Una cometa de carne en la Patagonia

PALABRERÍA

Pegajoso. Del viaje que menos he escrito es al que más lejos me ha llevado. Llegar al fin del mundo requirió de tiempo e incomodidades. Solo la distancia y las horas invertidas permitían acercarse al concepto difuso de finis terrae. Fue el cuerpo molido después de 35 horas de viaje el que certificó el prestigio del destino. En avión, Barcelona-Madrid-Santiago-Punta Arenas, y en un coche con protecciones a lo Mad Max, hasta el Hotel Explora, en las Torres del Paine, en la Patagonia chilena. El día y medio invertido y los cambios horarios y la concatenación de aeropuertos y el coche oscilante e incómodo y el sueño pegajoso y los músculos doloridos y con conciencia de sí mismos demostraron que llegar a uno de los muchos finisterres necesita paciencia. Cuando entré en el hotel, el comienzo del viaje era un recuerdo incierto en la nebulosa del cerebro. El nombre de la provincia lo resumía todo: Última Esperanza.

Geología. Hace mucho de aquello, más de veinte años, y solo lo he evocado cuando en la ventana del ordenador ha aparecido una de esas hermosas fotos promocionales que nos recuerdan que algún día volveremos a ser libres. En la imagen retocada e impecable, un guanaco y la geología rotunda e imperfecta de los Cuernos del Paine y esa tierra de matorrales forjada por un viento que no cesa.

Consuelo. Hubo algunas cumbres gastronómicas, la primera en la ruta 9, que cruza la Patagonia chilena. Al aterrizar en Punta Arenas, casas de colores y un mar de plomo fundido y la blanca Antártida más adelante y, después, kilómetros y kilómetros por una carretera desértica y averiada que entonces estaba llena de pedruscos que rebotaban como proyectiles, por lo que los vehículos protegían los cristales con enrejados y se apartaban del paso de los coches del otro lado para evitar la pedregada. Fueron las siguientes horas en una hormigonera las que nos dieron el descabello. Y en aquel camino bombardeado por un clima poco amistoso fue donde comí un bocadillo excepcional. Mediante Google Maps he buscado el punto, una casa en medio de la nada. No lo he encontrado, y el sándwich ya solo reside en mi memoria. En condiciones normales lo hubiera tenido por una vulgaridad de paso, pero en aquel momento me pareció el mejor emparedado de la Tierra. Lo visualizo tostado y con queso derretido, pero podría estar inventando el relleno. Fue un consuelo en un traslado interminable.
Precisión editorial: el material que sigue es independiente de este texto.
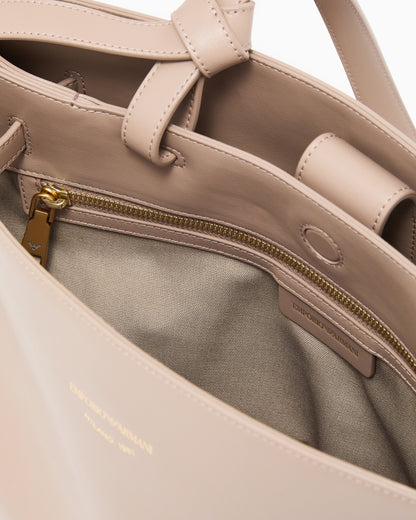 Emporio Armani Smooth leather shoulder bag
Gaucho. Días después, y a los pies del macizo, montamos a caballo para llegar a un quincho donde comer un asado al aire libre. No sé si era necesaria la cabalgadura por lo escarpado del terreno o por una promesa de diversión. Llegué rígido como el muñeco de hojalata, más preocupado por no caer del cuadrúpedo que por la excepcionalidad del paisaje. En el quincho faenaban los gauchos con la indumentaria completa, boleadoras incluidas. Y en una cabaña, bajo una chimenea gigantesca e inclinado sobre las brasas, el objeto del deseo: el cordero magallánico al palo. Los gauchos, que espero que no fueran de atrezo, habían crucificado dos animales, que cocinaban con la lentitud del que mide las horas de otra manera. Impresionaba ver el cordero abierto. Era una cometa de carne que jamás alzaría el vuelo. Cada vez que se clava una de esas cruces de metal comienza un sacrificio pagano. Lo comimos en unas mesas alrededor del fuego con pisco sour y algún vino recio. El pisco sour colorea la realidad y sé con seguridad que no volvimos a caballo.

Hielo. En la tercera ronda también hubo bebida alcohólica. Sucedió al final de una excursión a pie de cuatro horas –y las mismas de vuelta– para contemplar los campos de hielo sur, una de las mayores extensiones de agua dulce del planeta. Subimos a una roca y la vista se congeló con aquella inmensidad que retenía el oxígeno hasta morir de azul. Alguien arrancó hielo con un instrumento punzante. Repartió vasos de plástico con whisky. Brindamos con los cubitos más puros. El mejor whisky que haya probado nunca.